La crisi economica ha portato alla perdita del posto di lavoro da parte di molti individui: uomini e donne. Persone che anche dall’oggi al domani, si sono ritrovate dopo anni di servizio senza un lavoro e ovviamente, un salario, una situazione che può indurre a stati di depressione di vario livello. La tanta attesa ripresa economica forse si fa sentire in alcuni settori ma, per quel che concerne gli impieghi tali dati continuano a segnalare che la crisi c’è ed è ben concreta.
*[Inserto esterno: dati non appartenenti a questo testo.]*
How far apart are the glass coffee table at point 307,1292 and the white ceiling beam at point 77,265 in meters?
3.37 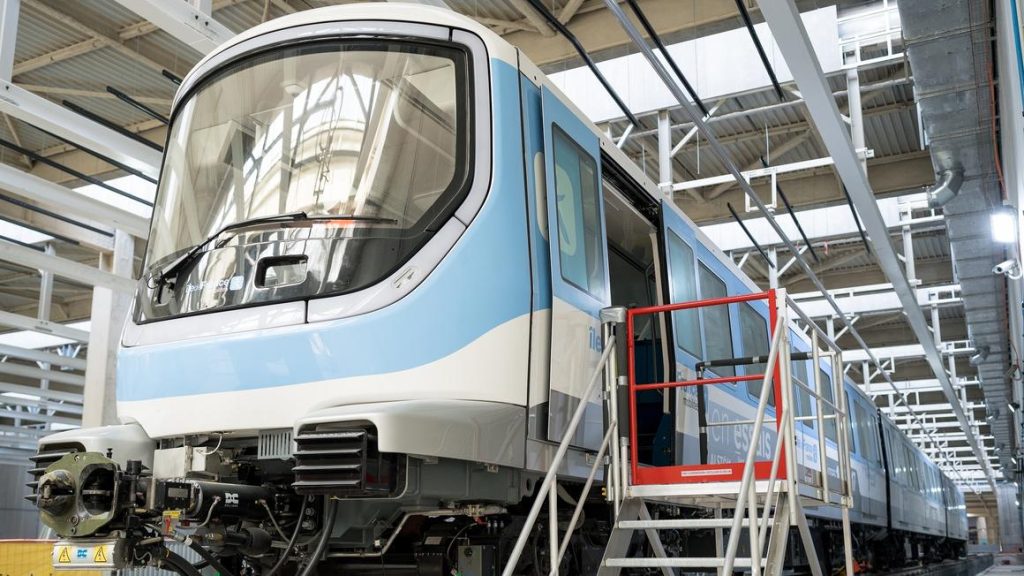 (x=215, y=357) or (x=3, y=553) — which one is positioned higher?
(x=215, y=357)

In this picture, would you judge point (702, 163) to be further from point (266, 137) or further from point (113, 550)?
point (113, 550)

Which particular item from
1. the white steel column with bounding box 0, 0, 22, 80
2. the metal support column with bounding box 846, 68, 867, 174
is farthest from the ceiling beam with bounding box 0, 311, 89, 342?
the metal support column with bounding box 846, 68, 867, 174

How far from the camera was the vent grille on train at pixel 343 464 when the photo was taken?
12.0ft

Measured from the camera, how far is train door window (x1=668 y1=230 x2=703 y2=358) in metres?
6.60

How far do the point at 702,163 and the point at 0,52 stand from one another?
38.7ft

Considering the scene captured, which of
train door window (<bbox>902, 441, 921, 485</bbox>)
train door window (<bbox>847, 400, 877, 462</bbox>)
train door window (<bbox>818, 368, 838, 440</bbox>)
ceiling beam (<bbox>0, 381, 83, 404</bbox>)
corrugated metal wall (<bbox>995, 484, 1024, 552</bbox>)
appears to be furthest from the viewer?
corrugated metal wall (<bbox>995, 484, 1024, 552</bbox>)

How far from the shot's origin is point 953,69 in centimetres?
911

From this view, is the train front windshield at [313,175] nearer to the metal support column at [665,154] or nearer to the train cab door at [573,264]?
the train cab door at [573,264]

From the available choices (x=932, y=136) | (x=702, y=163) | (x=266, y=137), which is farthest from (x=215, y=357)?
(x=702, y=163)

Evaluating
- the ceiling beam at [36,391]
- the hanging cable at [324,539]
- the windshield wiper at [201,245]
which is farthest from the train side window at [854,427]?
the ceiling beam at [36,391]

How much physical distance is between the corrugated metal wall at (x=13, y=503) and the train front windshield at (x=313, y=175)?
18.2m

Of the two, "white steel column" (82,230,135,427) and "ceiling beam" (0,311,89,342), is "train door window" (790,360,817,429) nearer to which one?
"white steel column" (82,230,135,427)

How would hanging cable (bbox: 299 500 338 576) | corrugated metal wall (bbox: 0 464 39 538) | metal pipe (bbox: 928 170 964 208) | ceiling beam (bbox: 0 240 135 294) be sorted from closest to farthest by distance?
hanging cable (bbox: 299 500 338 576) < metal pipe (bbox: 928 170 964 208) < ceiling beam (bbox: 0 240 135 294) < corrugated metal wall (bbox: 0 464 39 538)

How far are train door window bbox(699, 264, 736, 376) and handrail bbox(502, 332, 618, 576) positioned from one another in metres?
2.37
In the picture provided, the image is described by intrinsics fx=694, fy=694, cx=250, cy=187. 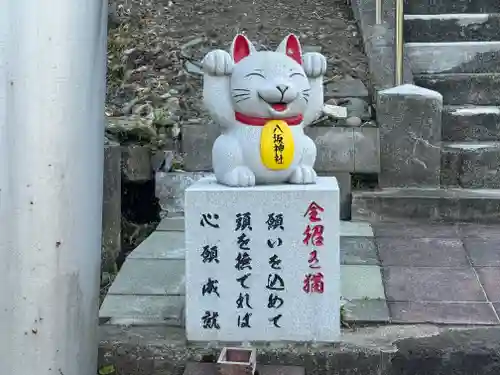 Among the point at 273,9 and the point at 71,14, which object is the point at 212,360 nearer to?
the point at 71,14

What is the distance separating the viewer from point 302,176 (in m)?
3.58

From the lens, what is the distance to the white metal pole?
8.52 feet

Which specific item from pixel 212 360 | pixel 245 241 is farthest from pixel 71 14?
pixel 212 360

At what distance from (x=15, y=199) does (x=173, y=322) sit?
4.71 ft

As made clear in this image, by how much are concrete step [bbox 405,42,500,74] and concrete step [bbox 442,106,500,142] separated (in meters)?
0.94

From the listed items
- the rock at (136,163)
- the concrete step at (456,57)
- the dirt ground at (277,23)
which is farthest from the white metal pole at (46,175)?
the concrete step at (456,57)

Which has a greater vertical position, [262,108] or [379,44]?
[379,44]

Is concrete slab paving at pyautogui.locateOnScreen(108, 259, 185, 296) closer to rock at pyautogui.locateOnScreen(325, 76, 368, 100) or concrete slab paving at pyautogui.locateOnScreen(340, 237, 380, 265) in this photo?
concrete slab paving at pyautogui.locateOnScreen(340, 237, 380, 265)

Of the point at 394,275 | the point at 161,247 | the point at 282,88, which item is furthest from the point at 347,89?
the point at 282,88

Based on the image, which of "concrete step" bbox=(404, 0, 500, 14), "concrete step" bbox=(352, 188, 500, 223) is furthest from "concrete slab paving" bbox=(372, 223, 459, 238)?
"concrete step" bbox=(404, 0, 500, 14)

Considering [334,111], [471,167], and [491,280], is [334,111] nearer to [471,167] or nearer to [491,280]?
[471,167]

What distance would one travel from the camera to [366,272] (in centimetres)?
456

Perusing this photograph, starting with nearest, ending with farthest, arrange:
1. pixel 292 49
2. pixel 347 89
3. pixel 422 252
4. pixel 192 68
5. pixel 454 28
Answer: pixel 292 49
pixel 422 252
pixel 347 89
pixel 192 68
pixel 454 28

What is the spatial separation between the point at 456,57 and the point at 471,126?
1174mm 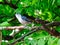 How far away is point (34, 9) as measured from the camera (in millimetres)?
1030

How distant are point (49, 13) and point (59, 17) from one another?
0.19 feet

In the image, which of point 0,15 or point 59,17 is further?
point 0,15

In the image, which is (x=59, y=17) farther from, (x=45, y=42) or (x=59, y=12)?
(x=45, y=42)

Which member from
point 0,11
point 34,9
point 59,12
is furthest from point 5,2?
point 59,12

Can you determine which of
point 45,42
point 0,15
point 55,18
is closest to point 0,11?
point 0,15

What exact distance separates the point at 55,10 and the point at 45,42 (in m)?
0.28

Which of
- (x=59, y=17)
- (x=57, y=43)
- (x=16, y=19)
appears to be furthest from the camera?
(x=16, y=19)

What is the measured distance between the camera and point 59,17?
96 cm

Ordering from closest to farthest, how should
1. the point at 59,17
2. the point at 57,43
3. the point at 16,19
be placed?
1. the point at 57,43
2. the point at 59,17
3. the point at 16,19

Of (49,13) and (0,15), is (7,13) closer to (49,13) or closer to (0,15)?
(0,15)

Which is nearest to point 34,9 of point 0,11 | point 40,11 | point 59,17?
point 40,11

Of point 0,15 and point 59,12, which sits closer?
point 59,12

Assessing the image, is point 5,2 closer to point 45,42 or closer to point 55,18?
point 55,18

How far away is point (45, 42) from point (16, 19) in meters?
0.41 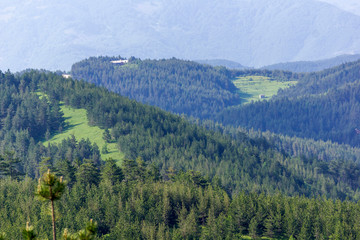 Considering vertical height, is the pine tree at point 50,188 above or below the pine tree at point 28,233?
above

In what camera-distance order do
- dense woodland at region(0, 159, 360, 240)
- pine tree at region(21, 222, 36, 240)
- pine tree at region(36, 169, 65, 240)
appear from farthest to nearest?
dense woodland at region(0, 159, 360, 240) → pine tree at region(36, 169, 65, 240) → pine tree at region(21, 222, 36, 240)

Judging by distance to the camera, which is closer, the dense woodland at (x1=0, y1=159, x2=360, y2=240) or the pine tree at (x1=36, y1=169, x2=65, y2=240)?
the pine tree at (x1=36, y1=169, x2=65, y2=240)

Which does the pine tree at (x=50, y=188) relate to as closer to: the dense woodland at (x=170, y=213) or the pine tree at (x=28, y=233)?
the pine tree at (x=28, y=233)

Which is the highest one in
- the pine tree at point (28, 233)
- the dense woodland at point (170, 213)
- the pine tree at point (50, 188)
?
the pine tree at point (50, 188)

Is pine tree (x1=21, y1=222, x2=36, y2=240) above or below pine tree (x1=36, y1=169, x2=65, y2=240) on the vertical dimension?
below

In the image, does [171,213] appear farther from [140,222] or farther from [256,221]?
[256,221]

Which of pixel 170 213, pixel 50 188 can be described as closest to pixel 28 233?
pixel 50 188

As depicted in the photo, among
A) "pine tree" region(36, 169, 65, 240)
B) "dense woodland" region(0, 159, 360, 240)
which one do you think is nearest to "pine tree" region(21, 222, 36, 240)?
"pine tree" region(36, 169, 65, 240)

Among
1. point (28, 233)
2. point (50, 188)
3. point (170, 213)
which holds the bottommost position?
point (170, 213)

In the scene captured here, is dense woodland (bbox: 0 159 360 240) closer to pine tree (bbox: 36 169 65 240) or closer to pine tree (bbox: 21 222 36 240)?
pine tree (bbox: 21 222 36 240)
Aziende che chiudono, aziende che aprono e poi richiudono, persone che una volta perso il lavoro faticano a reintegrarsi, specie se non più giovanissime, ogni tanto si parla di suicidio di forti: Il dipendente, l’imprenditore, l’operaio…ma se ne parla al maschile. Questo non significa che le donne non lavorino ne che non vengano licenziate ma segnala un altro tipo di motivazione.
Quando un uomo perde il lavoro: la reazione
Secondo voi perché quando un uomo che perde lavoro o fallisce cade in depressione, magari tenta il suicidio mentre, le donne generalmente, resistono meglio a tale stress emotivo. Perché la reazione a tale evento è diversa tra i due sessi?
Perdere il posto di lavoro: come reagiscono gli uomini e come le donne
Quando un uomo perde il lavoro la sua reazione è spesso di forte delusione depressione e abbattimento, non che per la donna sia differente, ma le donne, spesso non hanno accentrato la loro vita solo ed esclusivamente sul lavoro, tranne che per una piccola minoranza. Le donne lavorano, gestiscono casa e famiglia, hanno dei figli da crescere.
Gli uomini, molto spesso sono assorbiti dal loro lavoro, alcuni di loro si dedicano esclusivamente a quello per 360 giorni all’anno, delegando spesso, la famiglia, la casa e la crescita dei figli alle proprie moglie, una sorta di egoismo al maschile di cui le nuove generazioni stanno modificando la tendenza. Un uomo identifica se stesso nel proprio lavoro e fallire in tale compito (attività in proprio), o perdere il lavoro stesso, viene vissuto dall’essere umano di sesso maschile come un vero e proprio fallimento, una perdita di identità: “non si ha più e non si è più!”
L’uomo si identifica nel proprio lavoro
Io sono il lavoro ed il lavoro è me, dunque il lavoro mi rappresenta, in virtù anche del ruolo di capofamiglia che il “maschio” si porta dietro da generazioni e che ha condizionato la sua amigdala, in questa direzione sin dall’infanzia. In un contesto di questo tipo, perdere il proprio lavoro, ed avere la consapevolezza delle enormi difficoltà per ritrovarlo, può far entrare un individuo in una crisi profonda tanto da indurlo al suicidio stesso.
L’atteggiamento al femminile
Le donne da sempre abituate a tollerare, mediare, accettare e dividersi tra ciò che piace e ciò che si deve fare… sanno reagire meglio ad una situazione del genere, senza contare che, comunque sia, si sentono coinvolte dalla responsabilità di essere madri e genitrici spesso in modo nettamente superiore all’uomo. Spesso la carriera di una donna viene influenzata dal suo essere madre, altre volte no, ma è comunque la donna a vivere la vita familiare, e lavorativa in simbiosi e a dover far combaciare le due attività nei tempi e nei modi che ritiene più opportuni: l’uomo no! l’uomo spesso lavora e se “avanza del tempo” partecipa alla vita in famiglia e all’educazione dei figli. La situazione, fortunatamente sta leggermente ma ciò che emerge è questo conflitto interiore che l’uomo di 40/50 anni si trova a vivere quando perde il proprio lavoro.